Monitoring and metrics¶
This guide shows the fastest way to inspect a live SkeinDB node: health endpoint, Prometheus metrics, SkeinQL stats, and the built-in admin UI.
Prerequisite: Quickstart completed.
1. Start the server¶
cargo run -- serve --data ./data --http 8080 --mysql 3306 --pg 5432
2. Check basic liveness¶
curl -s http://127.0.0.1:8080/health
Use this for load balancers and simple smoke checks.

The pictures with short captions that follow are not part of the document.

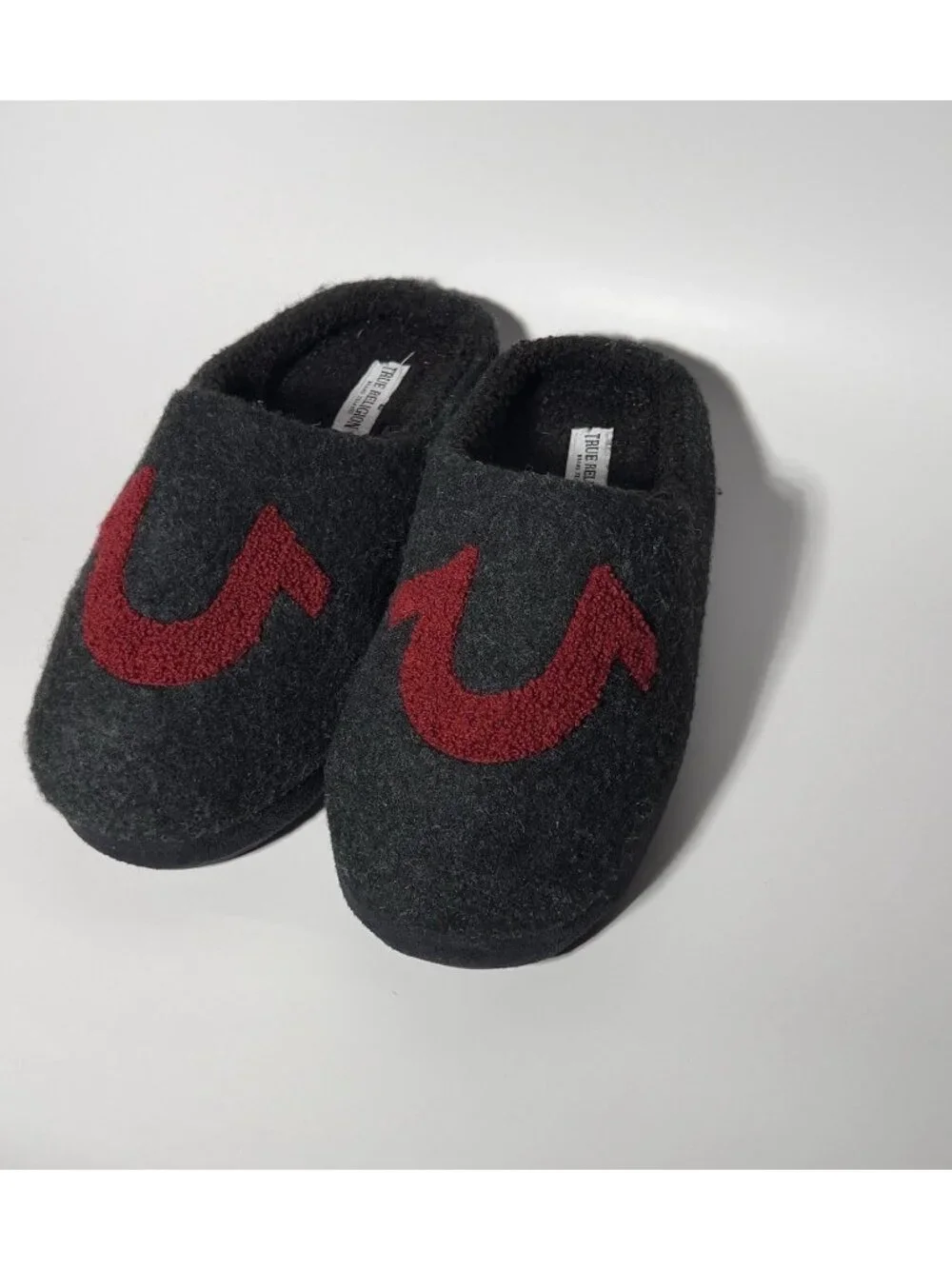 True Religion Men’s Gray Red Logo Faux Wool Clog Slippers Size M 9-10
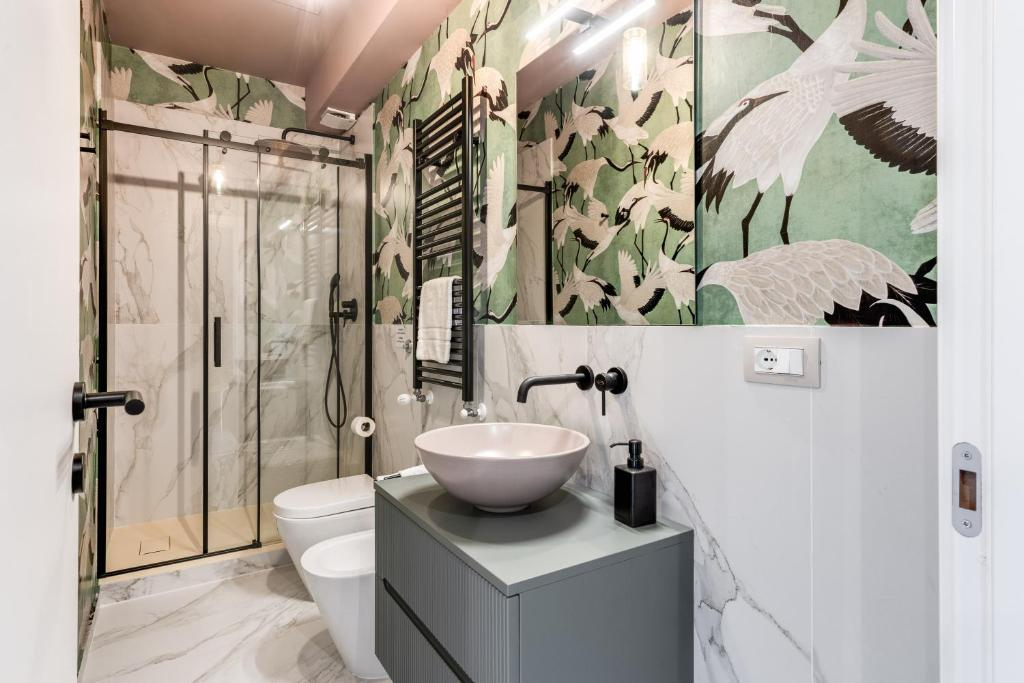 Designer bathroom with crane wallpaper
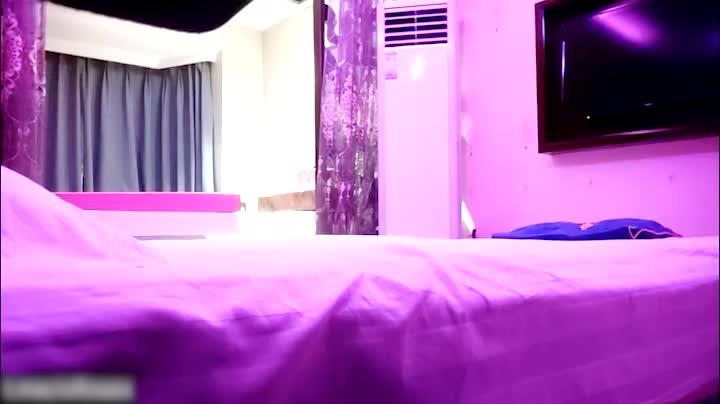 按摩店 硕果仅存的谈话大哥，半套服务加钟干黑丝！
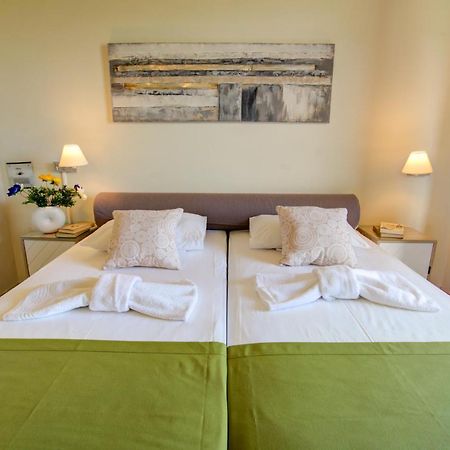 Hotel Chriselen Eleonas Esterno foto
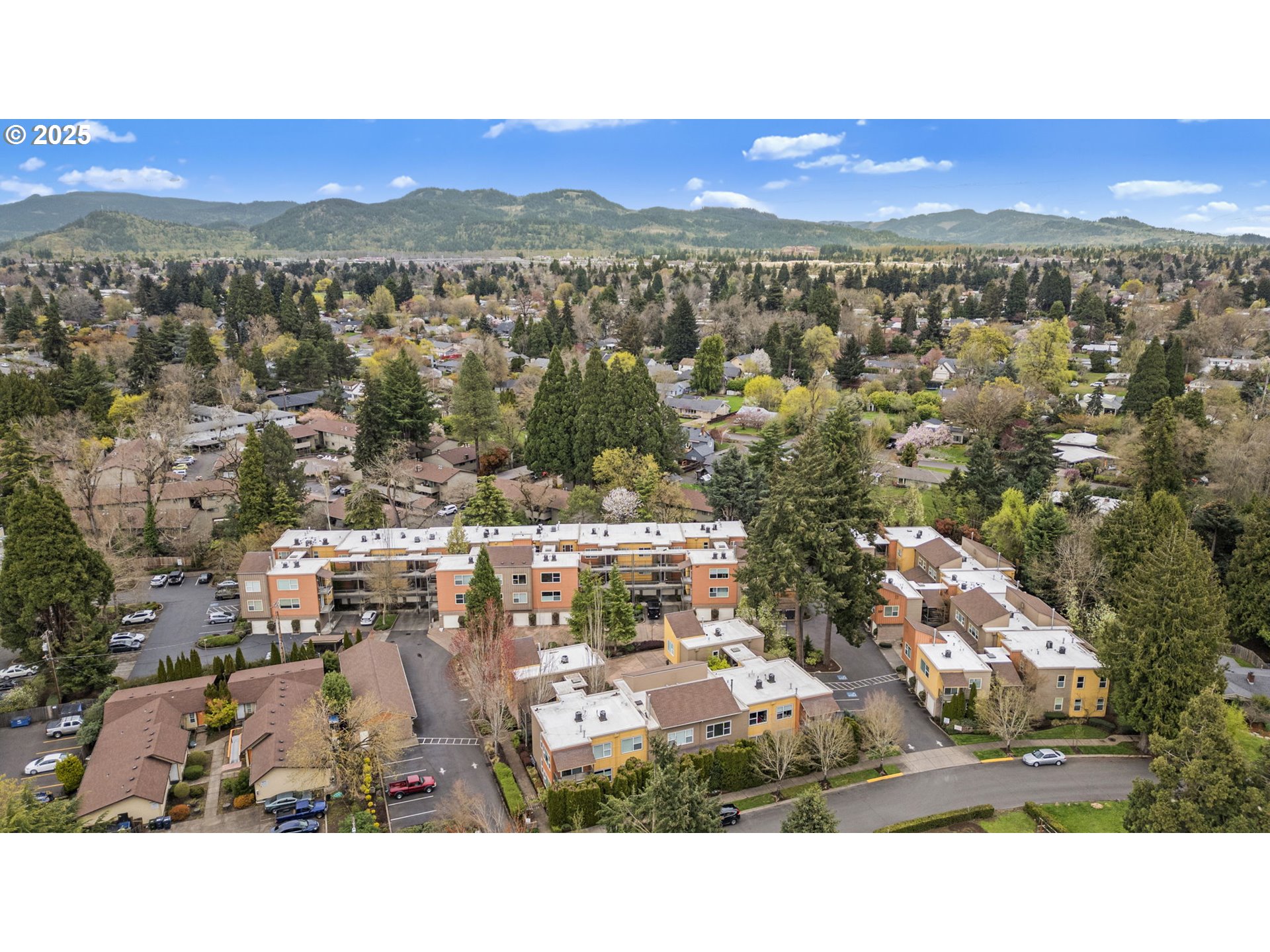 347 Rustic Place, Unit 24 Eugene, OR 97401 - Photo 41 of 42 a view of city with mountain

3. Inspect Prometheus-style metrics¶
SkeinDB exposes a plain metrics endpoint at GET /metrics:
curl -s http://127.0.0.1:8080/metrics | head -40
Minimal Prometheus scrape config:
scrape_configs:
- job_name: skeindb
static_configs:
- targets: ["127.0.0.1:8080"]
4. Pull a runtime stats snapshot over SkeinQL¶
curl -s -XPOST http://127.0.0.1:8080/api/v1/rpc \
-H 'Content-Type: application/json' \
-d '{"skeinql":"1.0","id":1,"method":"stats.snapshot","params":{}}' \
| jq '.result | {uptime_s, qps, tps, sessions, process, storage, background}'
At the current baseline, the snapshot includes:
- uptime
- active and total sessions
- QPS and TPS
- process CPU and RSS
- storage metrics such as
wal_bytesanddedup_ratio - background task status
5. Watch the same data in SkeinAdmin¶
Open:
http://127.0.0.1:8080/admin
The most useful panels for day-to-day visibility are:
- Overview for live health and headline server numbers
- Telemetry for metrics-oriented summaries
- Cluster when you are running replicas or shards
- Time Travel & Replay and Forensics for operational investigations
6. What to watch first¶
For a single node, start with these checks:
wal_bytesrising steadily without checkpoints or compaction progress.dedup_ratiodropping sharply after a workload change.- CPU or RSS growth that does not come back down after the workload quiets.
- Background tasks stuck in a non-idle state.